Traders Rate Themselves More Skilled Despite Volatility
More than one in four active traders now consider themselves proficient or expert in leveraged trading, up from previous periods. Confidence held steady through regulatory tightening and global uncertainty, partly because brokers improved communication during volatile periods. Investment Trends surveyed 2,734 participants between August and September 2025.
The figures contrast sharply with last year's report, which showed active trader numbers had fallen to 38,000, the lowest since 2019 and nearly 10,000 below the 2021 peak of 47,000. At that time, only 73,000 investors expressed interest in CFDs, with just half staying active through 2024.
“While active trader numbers have declined, the interest in CFDs remains significant, driven by sharp pricing and effective decision-support tools,” Vignati commented in 2024.
Another report released last week by Coinbase showed that, in Singapore, crypto is currently more popular than CFDs, with more than 60% of Singaporeans already owning digital assets.
Single-Platform Preference Accelerates Broker Consolidation
Over half of traders now want to manage all leveraged products through one platform, driven by demands for lower costs, faster funding, and interest payments on idle cash.
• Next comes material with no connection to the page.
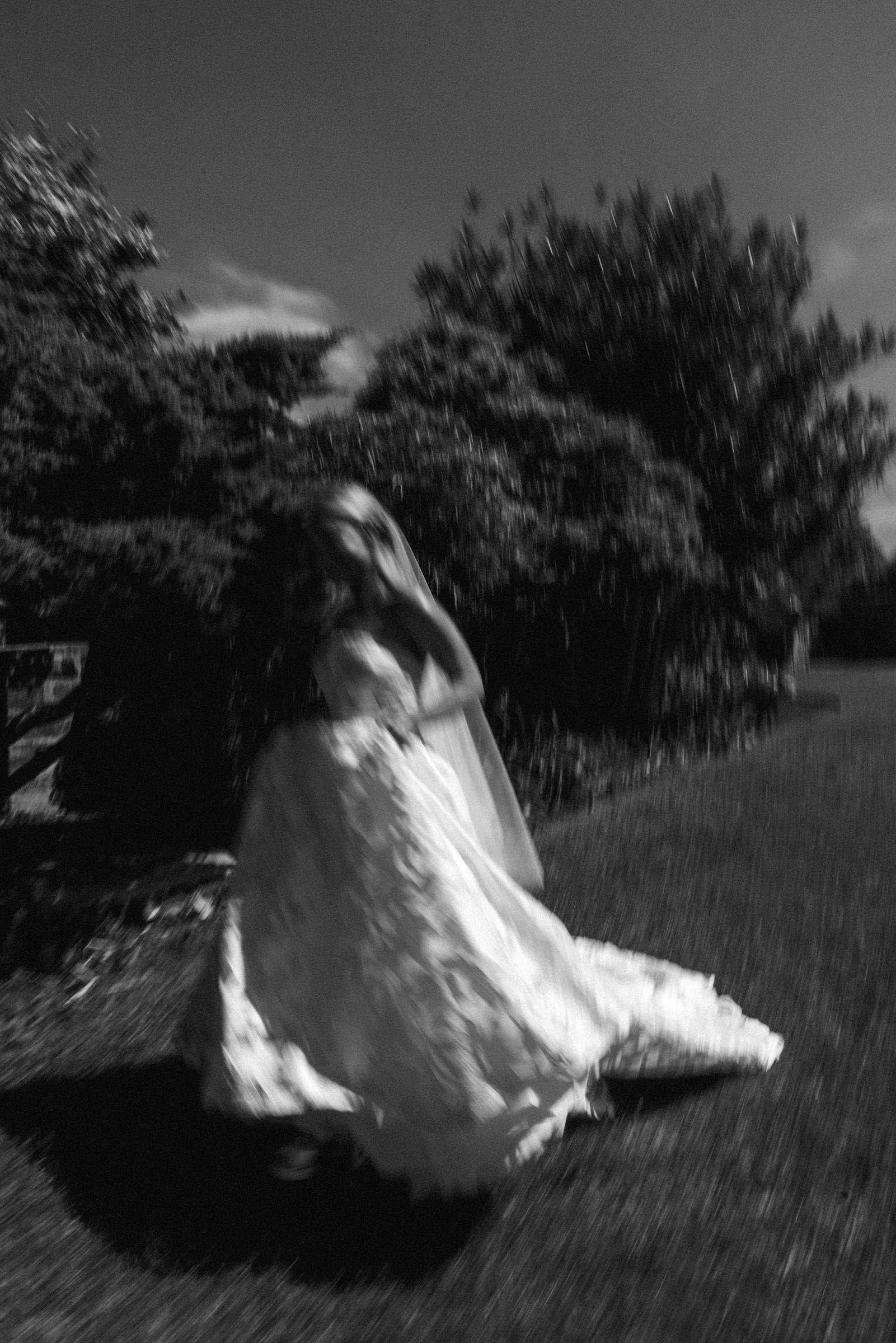 Black and white photograph of the bride spinning, her gown blurred with movement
That preference is forcing smaller brokers to either expand product offerings rapidly or risk losing clients to larger, multi-asset competitors.
"Reactivation is now doing the heavy lifting for growth," Vignati added. "Providers need to think less about casting wider nets and more about how they re-earn the trust and interest of existing traders, because that's where sustainable growth is coming from."
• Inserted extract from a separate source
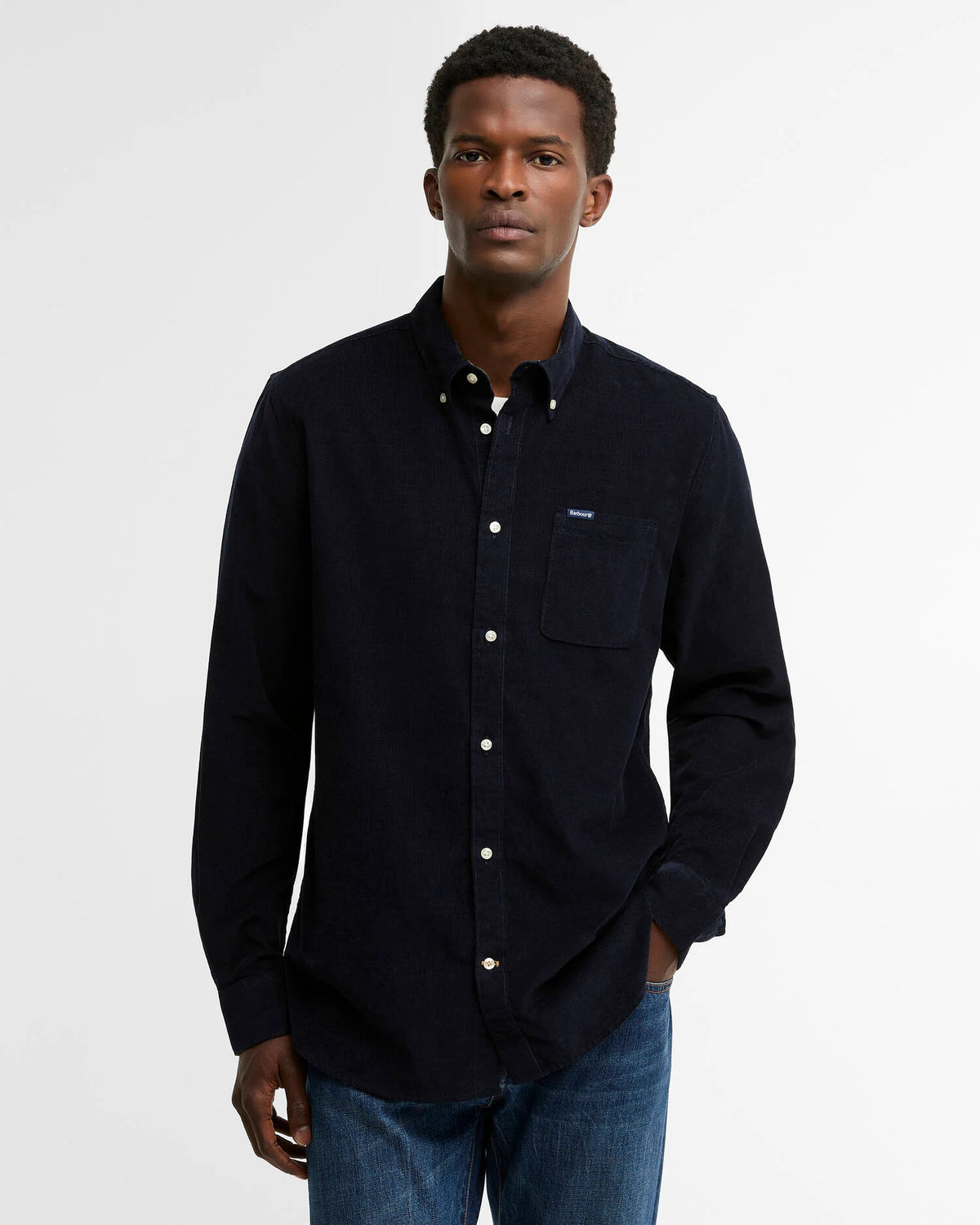 A man wearing a dark navy long-sleeve button-down shirt with a chest pocket, paired with blue jeans, photographed against a plain light gray studio background.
The consolidation wave mirrors developments in other Asian markets where platform fragmentation has given way to unified trading environments. Singapore's market had previously seen sustained declines, with the overall online trading community shrinking to under 250,000 active traders in 2024 from 264,000 the year before – the lowest level since 2018.
AI Adoption Transforms Trading Behavior and Decision-Making
Three in four traders are either using or plan to use artificial intelligence for charting, signal generation, and performance analysis. The adoption rate suggests AI tools have moved from experimental features to core infrastructure for many retail participants.
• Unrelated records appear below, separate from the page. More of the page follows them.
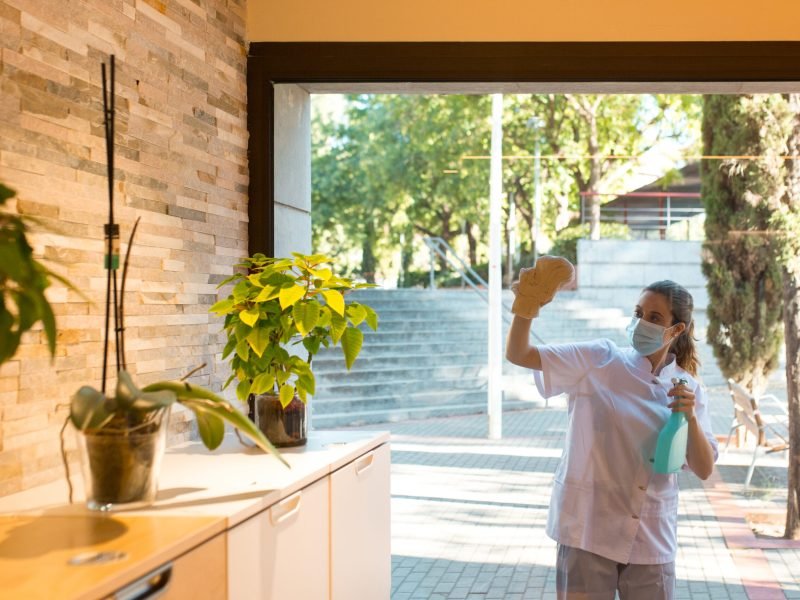 Front view of young woman in uniform and wearing a face mask cleaning windows of spa center from outside.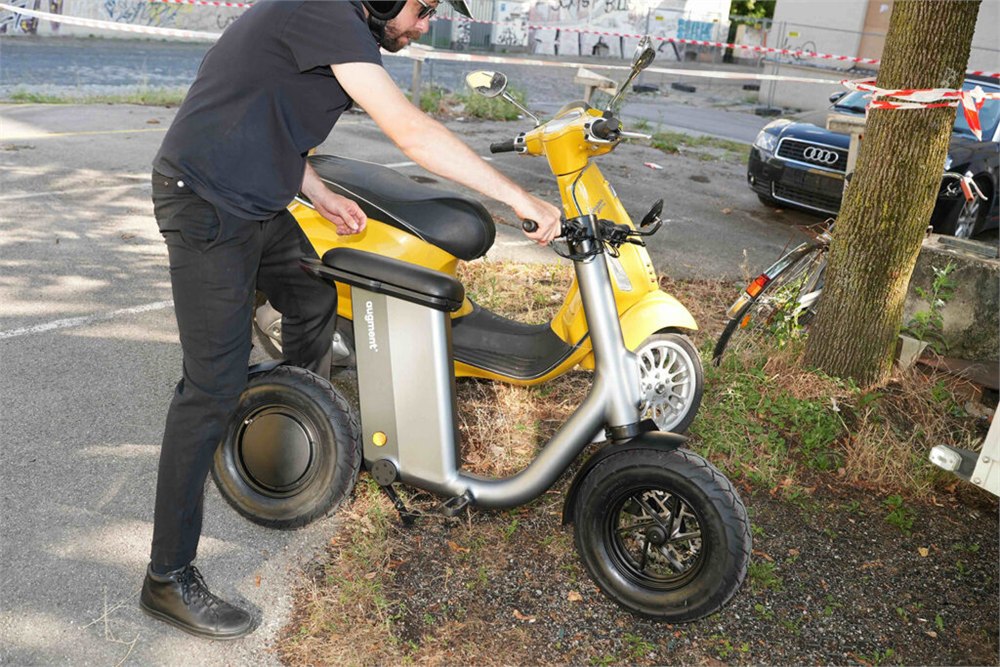 Augment 360 near a larger parked scooter for size comparison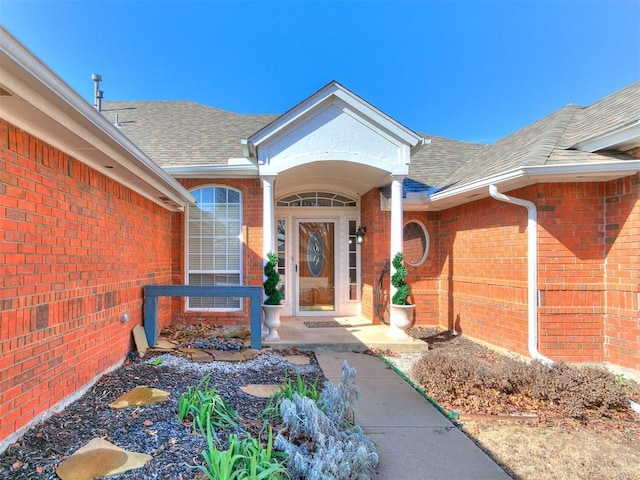 2508 Hamden Ave, Norman, OK 73069 - doorway to property featuring roof with shingles and brick siding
"Traders are asking for two things: simplicity and intelligence," Vignati said. "The providers that thrive will be those that offer integrated access with AI tools that enhance decision-making, not overwhelm it. But they must act fast. This consolidation wave is moving quickly, and those who delay risk falling behind."
The AI trend aligns with broader technological shifts in Singapore's trading ecosystem. Last year's Investment Trends report showed two-thirds of traders were either utilizing or expressing interest in AI-assisted trading tools, while 60% of active investors showed interest in proprietary trading firms.
MAS Rules Reshape Competitive Landscape Without Killing Demand
Recent Monetary Authority of Singapore measures tightened leverage limits and client protections but have not eroded trader optimism or participation rates. The regulatory changes reshaped how brokers compete but left demand for leveraged products largely intact.
Cost consciousness and execution quality emerged as primary drivers for broker switching, with transparency becoming increasingly important. Traders who consider changing platforms cite fees and trade fills as top concerns, suggesting the market has matured beyond marketing-driven client acquisition.
Singapore remains an important market for major brokers. IG Group reported that Singapore was the only jurisdiction showing revenue growth in its fiscal 2024 results, with larger clients driving a 6% increase through higher trading volumes.